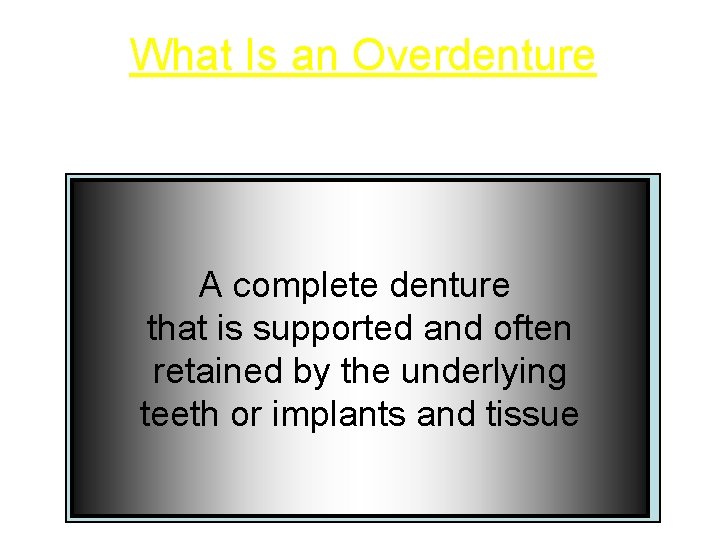 What Is an Overdenture A complete denture that is supported and often retained by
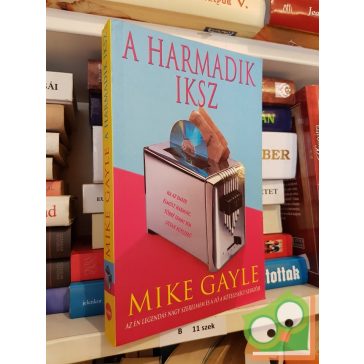 Mike Gayle: A harmadik iksz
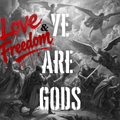 Ye Are Gods- "Love And Freedom"- Album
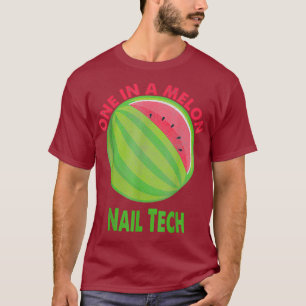 Camiseta Um em uma aposentadoria Melon Nail Tech Watermelon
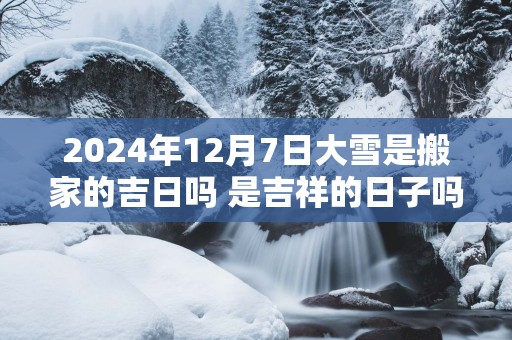 2025年12月7日大雪是搬家的吉日吗 是吉祥的日子吗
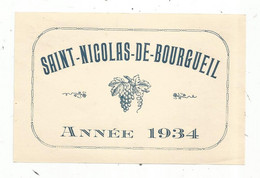 étiquette De Vin,  SAINT NICOLAS DE BOURGUEIL ,  1934 - Other & Unclassified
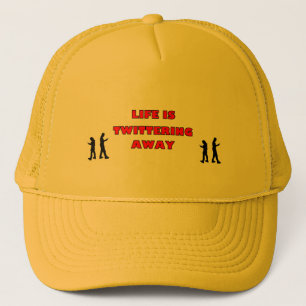 LIFE IS TWITTERING AWAY Hat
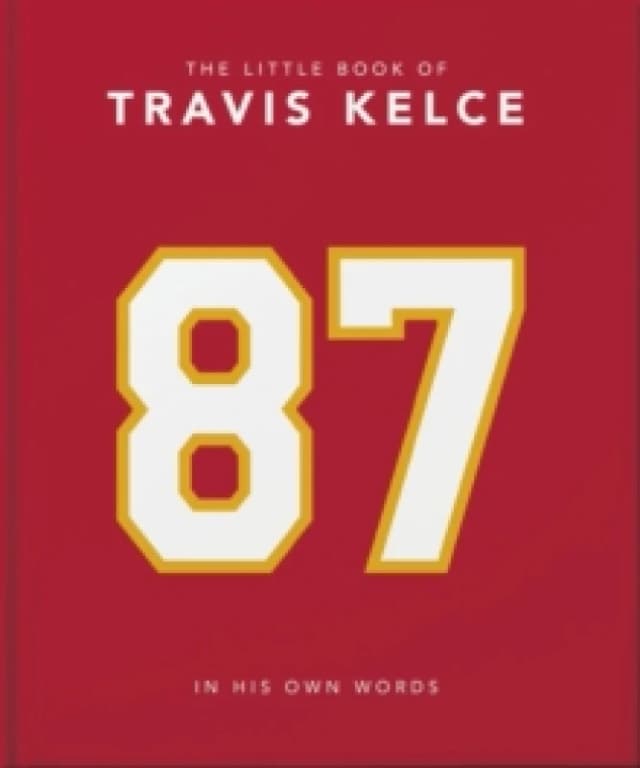 The Little Book of Travis Kelce. Hardback. By Orange Hippo Books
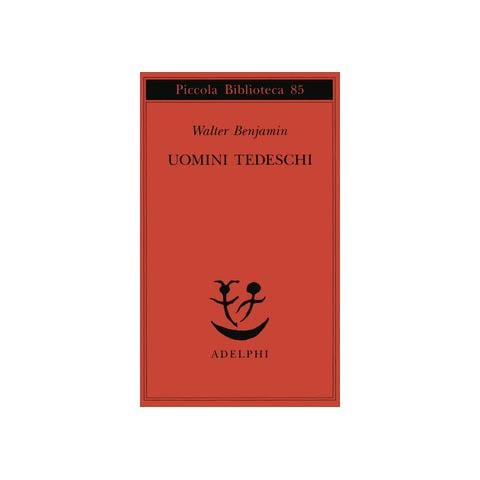 Walter Benjamin - Uomini tedeschi. Una serie di lettere - Foto 1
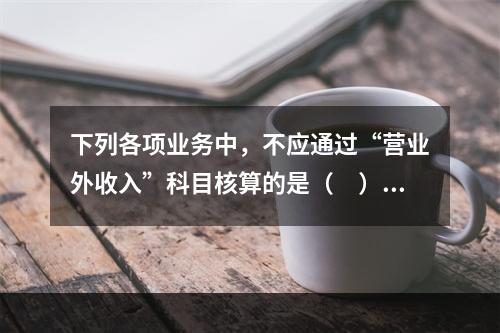 下列各项业务中，不应通过“营业外收入”科目核算的是（　）。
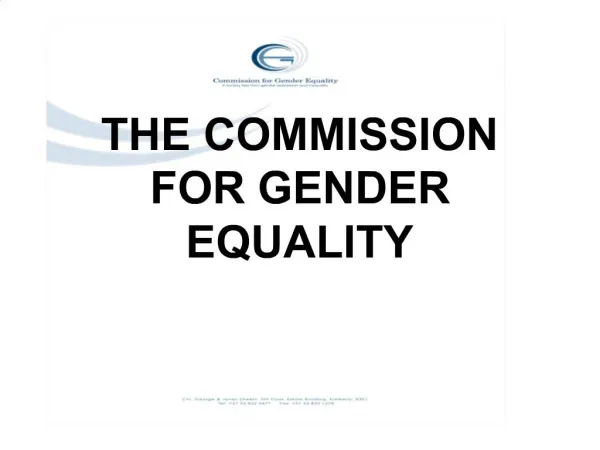 THE COMMISSION FOR GENDER EQUALITY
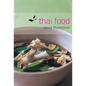 Thai Food: [A Cookbook] - Hardcover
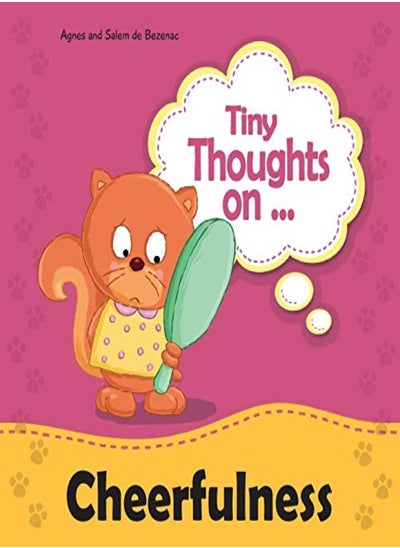 Buy Tiny Thoughts on Cheerfulness: Learning to be positive in UAE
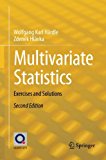 Multivariate Statistics: Exercises and Solutions  9783642360046 Front Cover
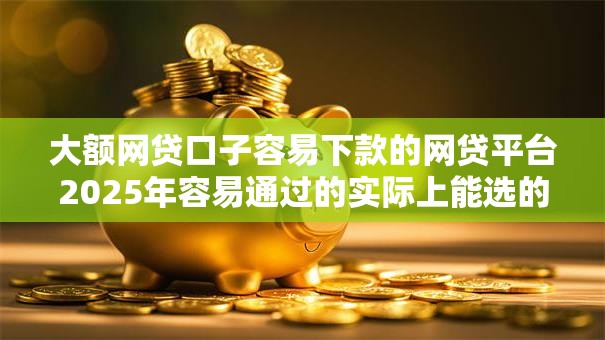 大额网贷口子容易下款的网贷平台2025年容易通过的实际上能选的确实多！本篇为您隆重搜集这五个网贷平台！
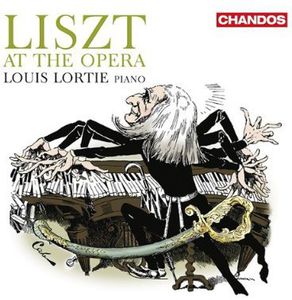 Liszt at the Opera , Louis Lortie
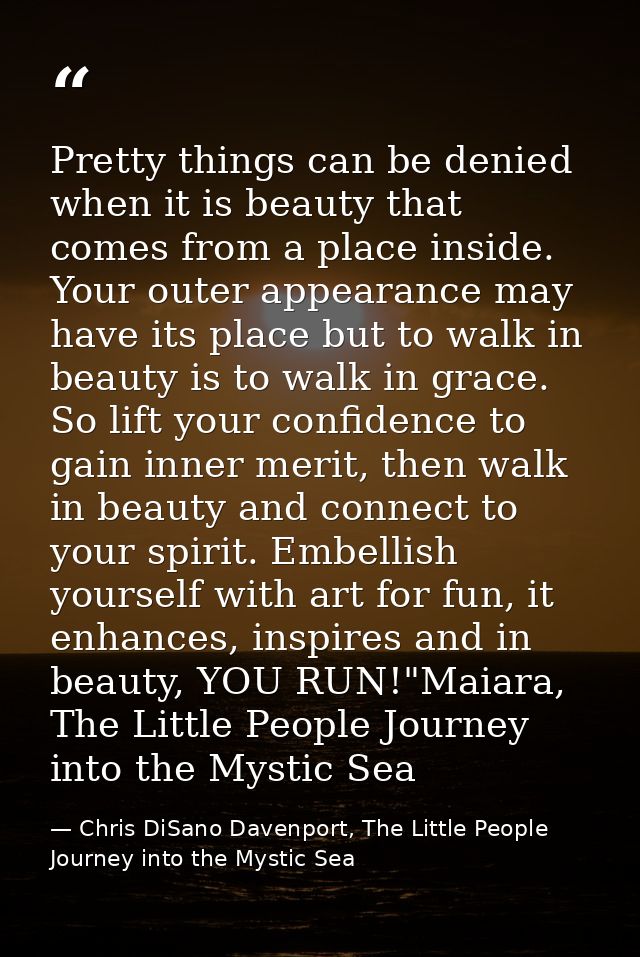 Pretty things can be denied when it is beauty that comes from a place inside. Your outer appearance may have its place b — Chris DiSano Davenport, The Little People Journey into the Mystic Sea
__________
WHAT IS NEEDED:
Write out the records above exactly. Begin with the first line, end with the line holding "Buy Tiny Thoughts", and drop the pictures.

TASK SOLUTION:
 What Is an Overdenture A complete denture that is supported and often retained by
 Mike Gayle: A harmadik iksz
 Ye Are Gods- "Love And Freedom"- Album
 Camiseta Um em uma aposentadoria Melon Nail Tech Watermelon
 2025年12月7日大雪是搬家的吉日吗 是吉祥的日子吗
 étiquette De Vin,  SAINT NICOLAS DE BOURGUEIL ,  1934 - Other & Unclassified
 LIFE IS TWITTERING AWAY Hat
 The Little Book of Travis Kelce. Hardback. By Orange Hippo Books
 Walter Benjamin - Uomini tedeschi. Una serie di lettere - Foto 1
 下列各项业务中，不应通过“营业外收入”科目核算的是（　）。
 THE COMMISSION FOR GENDER EQUALITY
 Thai Food: [A Cookbook] - Hardcover
 Buy Tiny Thoughts on Cheerfulness: Learning to be positive in UAE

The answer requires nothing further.